PARIS (AFP) - Plunging emerging market currencies on the prospect of US stimulus tapering have stirred memories of the 1997 Asian financial crisis, but analysts doubt a similar catastrophe is in the making.

"There are negative linkages (now) but I don't think that we are in a repetition of the 1990s crisis," said Jean Medecin, a member of the investment committee at the Carmignac Gestion asset manager.

While the Indian rupee has so far taken the worst beating, falling nearly 15 percent against the US dollar over the past three months, Indonesia's rupiah and the Brazilian real are down 10 percent, and the Turkish lira over 5 percent in a trend that is frightfully reminiscent of the crisis that began in Thailand in mid-1997.

Back then, investors reacted by panicking, withdrawing funds en masse, resulting in the Thai bath eventually collapsing. The phenomenon then spread like a wildfire throughout Asia, and even to Russia, with foreign capital vanishing almost with the blink of an eye.

Short of capital, emerging countries suffered acute shortages of credit, plunging them even deeper into the crisis.

Fifteen years on, India's Prime Minister Manmohan Singh last week said emerging countries are now much better equipped.

In 1991, India had only 15 days worth of foreign exchange reserves, he said.

"Now we have reserves of six to seven months. So there is no comparison. And no question of going back to the 1991 crisis," he said.

This week, Nobel prize winning economist Paul Krugman wrote on his New York Times blog that in retrospect, the flood of money into emerging markets looks like a bubble.

But Krugman said "for the moment, I don't see a good reason to believe that the bursting of this particular bubble will be catastrophic".

Standard & Poor's rating agency agreed.

In a report it called the capital outflows "disruptive not destructive", and said most Asian developing nations will "weather the disruption without a sharp slowdown in economic growth or prolonged financial volatility".

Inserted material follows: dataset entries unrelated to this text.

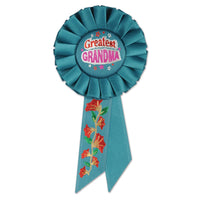 Beistle Greatest Grandma Mother's Day Rosette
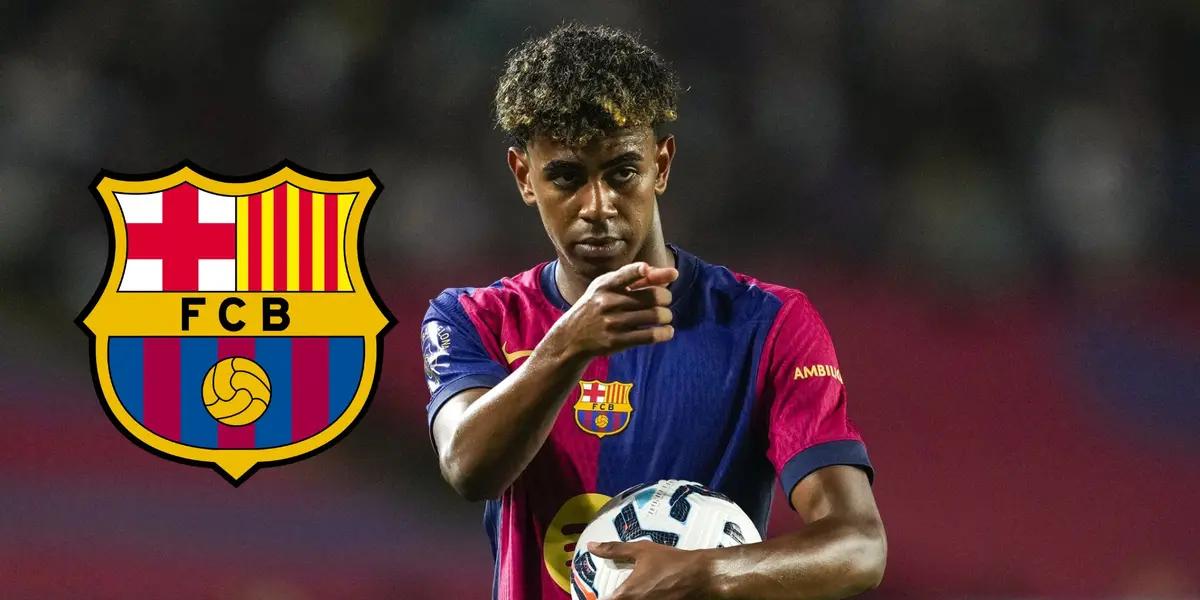 Lamine Yamal (Foto: FC Barcelona)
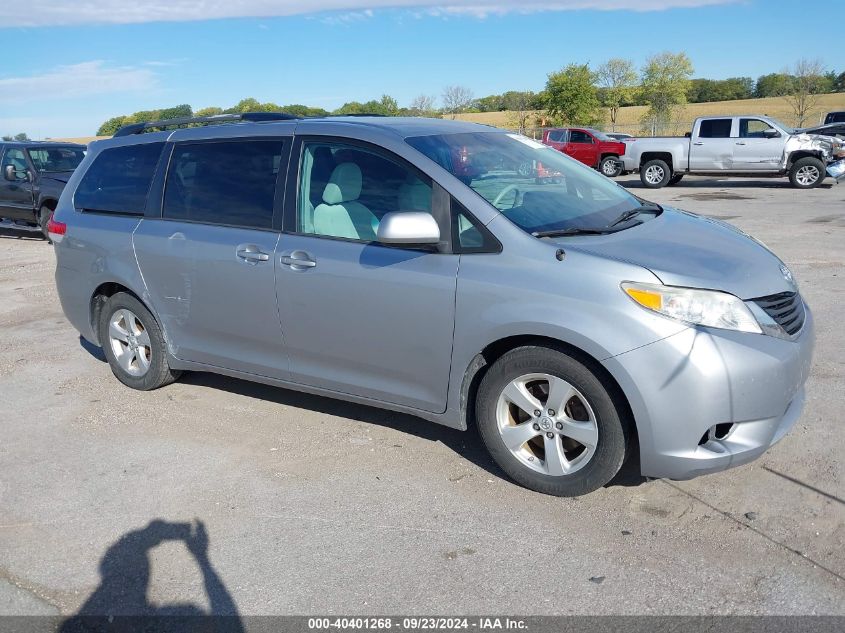 2013 Toyota Sienna Le VIN: 5TDKK3DC1DS305910 Lot: 40401268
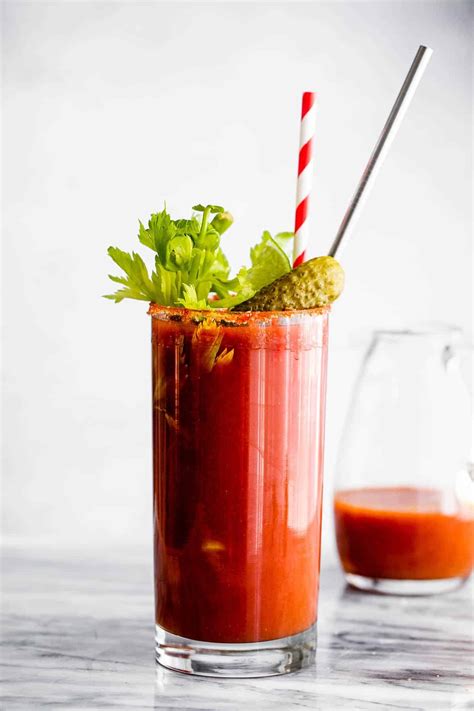 The Best Homemade Bloody Marys Ever Diethood
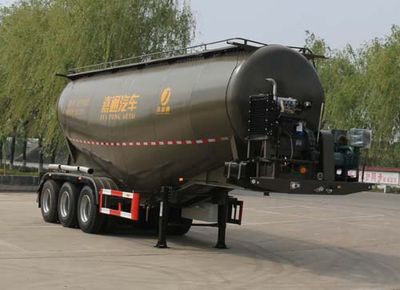 Jiayuntong  JTC9402GXHA Lower ash semi-trailer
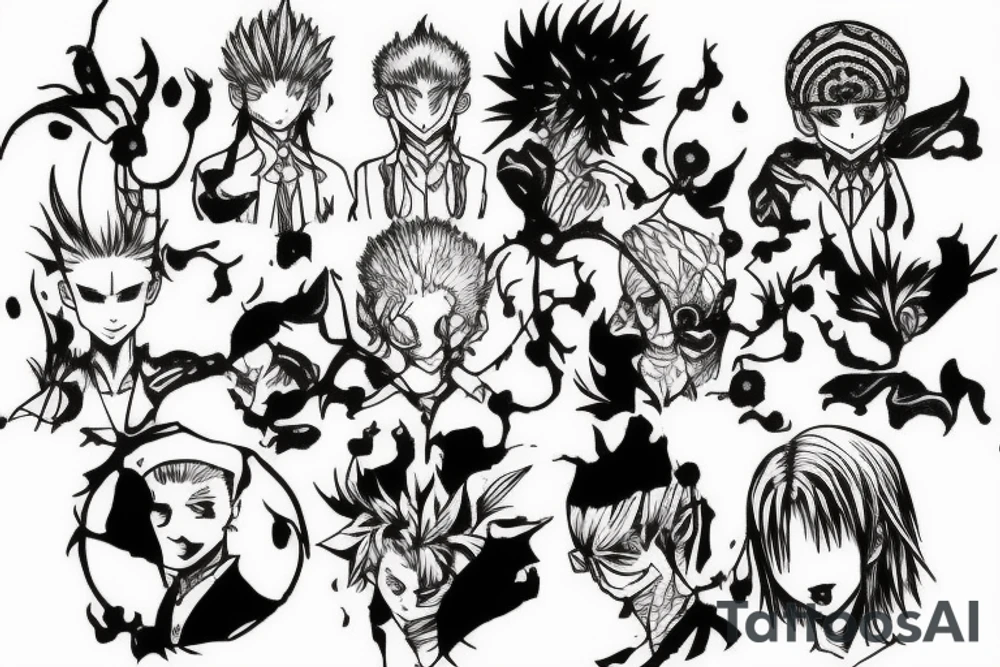 Hunter X Hunter tattoo idea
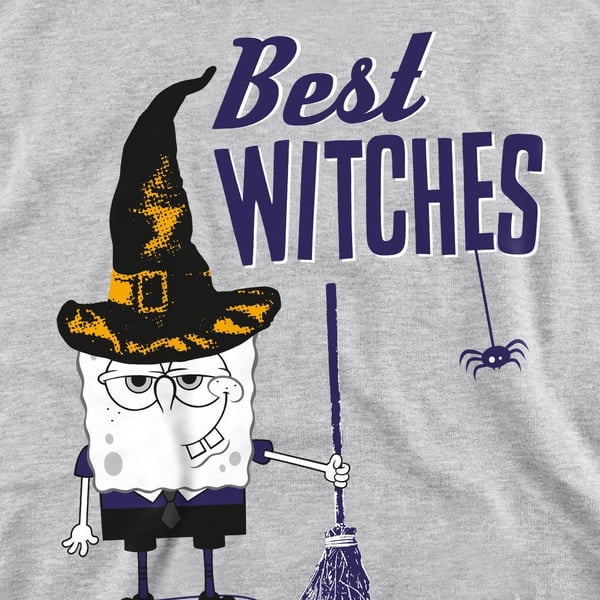 SpongeBob SquarePants Unisex Adult Best Witches Sweatshirt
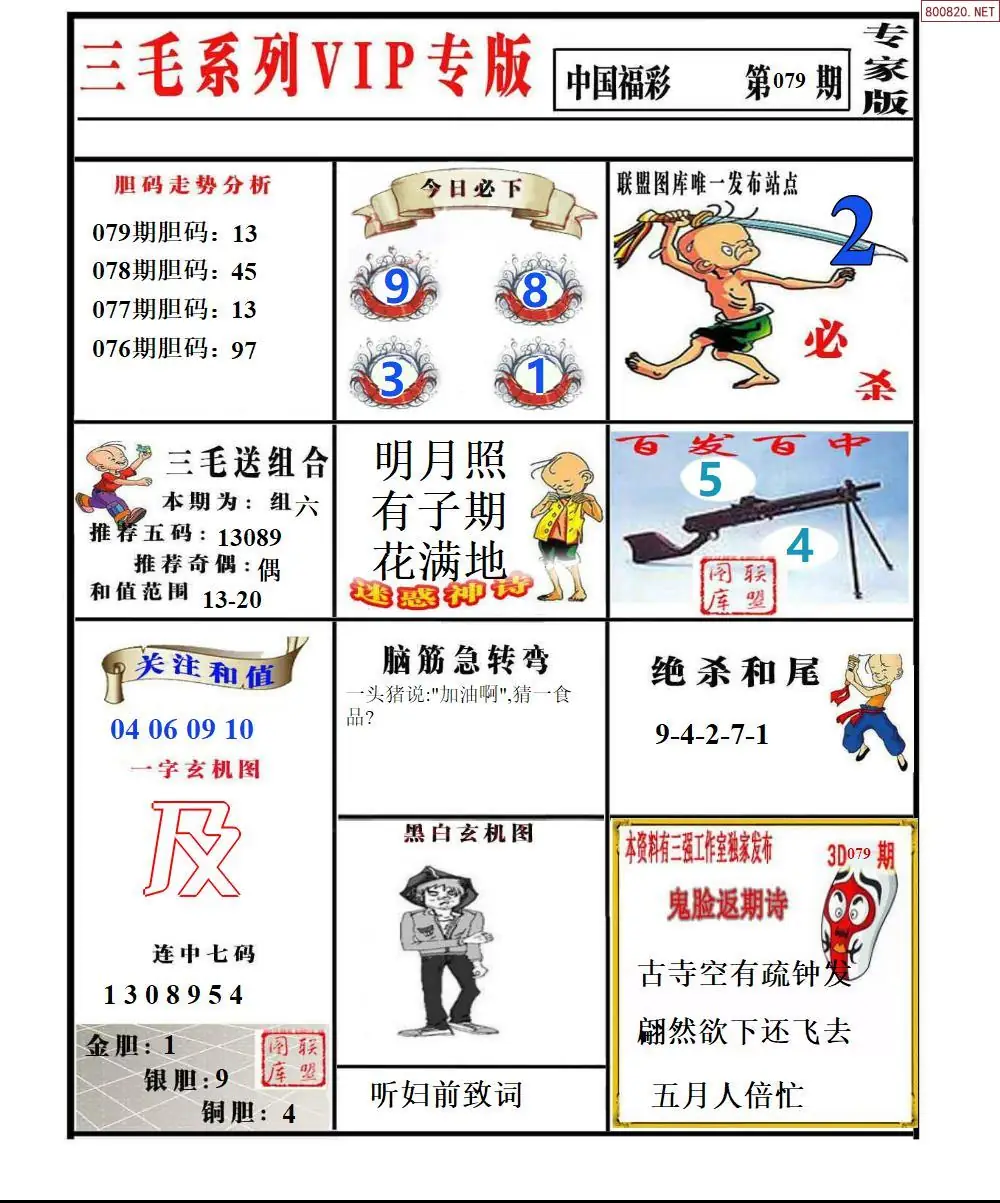 三毛系列VIP专版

Krugman said "what made the Asian crisis of 1997-8 so bad was the high level of foreign-currency denominated debt, and that seems less of an issue now".

The Economist's Ryan Avent wrote on his blog that a bigger concern are potential policy errors on behalf of governments and central banks as they try to stem the slide of their currencies.

"Recklessly imposed capital controls could fuel panic and impair long-run growth," he said.

India's central bank has tried to stabilise the rupee for months with measures like hiking short-term interest rates and imposing capital controls.

"Worse still, central banks may strangle their economies with high rates in an attempt to protect their currencies' values," Avent said.

Thus the end of US monetary stimulus "risks squeezing demand around the world" when its purpose was to prop it up in rich countries.

Ratings agency Fitch said that "policy management will be the key factor in determining whether economic and financial stability is maintained in India and Indonesia following the intensified pressure on currencies and asset prices".

Recent developments have not prompted it to revise ratings, it added.

So far, however, central banks seem to prefer hiking short-term rates rather than their main rates, which would slow investment, consumption and growth.

Turkey took that tack this week, hiking its overnight rate and shutting off other short-term rates to deter speculation against the lira, while keeping its main rate on hold.

However, the current situation is "a painful adjustment phenomenon" for emerging nations, said strategist Maarten-Jan Bakkum at Dutch bank ING IM.

"After years of rising currencies, emerging economies are now faced with structural problems. In the absence of remedies to cure the problem, they have corrected this through exchange rates," he said.

Simon Derrick, chief currency strategist at BNY Mellon said that "letting the currency take the strain might be the smartest move for some emerging market nations".

He noted that in 2008, when emerging markets last tried to stop the outflow of funds, they failed despite spending up to 20 percent of their foreign currency reserves.

Derrick suggested that central bank forex intervention during a time when easy money poured in only gave investors an artificially cheap exchange rate to enter the markets.

"It also provides an artificially advantageous price at which to leave now."

Still, several countries have moved to defend their currencies.

Brazil, which had led emerging market complaints that Western stimulus measures had resulted in the appreciation of their currencies and eroded its competitiveness, turned around, saying it would make $55 billion available to prop up the real.

Turkey pledged to inject a minimum of $100 million per day, while India announced it would put $1.26 billion into the banking system by buying back long-term government bonds, although it said the move was aimed at making more credit available to boost economic growth rather than defending the rupee.

The investment outflow poses immediate risks for Turkey and India as they rely heavily on short-term foreign funds to cover their large current account deficits (6.5 percent of GDP for Turkey and 4.8 percent for India).

However tapering concerns is only half the story according to analyst Michael Hewson at CMC Markets.

"...the growth slowdowns being experienced in those markets have forced investors to look more carefully at the structural problems that are facing those particular economies, with India and Brazil in particular in the firing line, as growth slows and inflation rises," he said.

India's growth slumped to a decade low of five percent in the year to March with inflation now running at 5.8 percent, while Brazil is expecting 2.5 percent growth this year with inflation currently at 6.3 percent.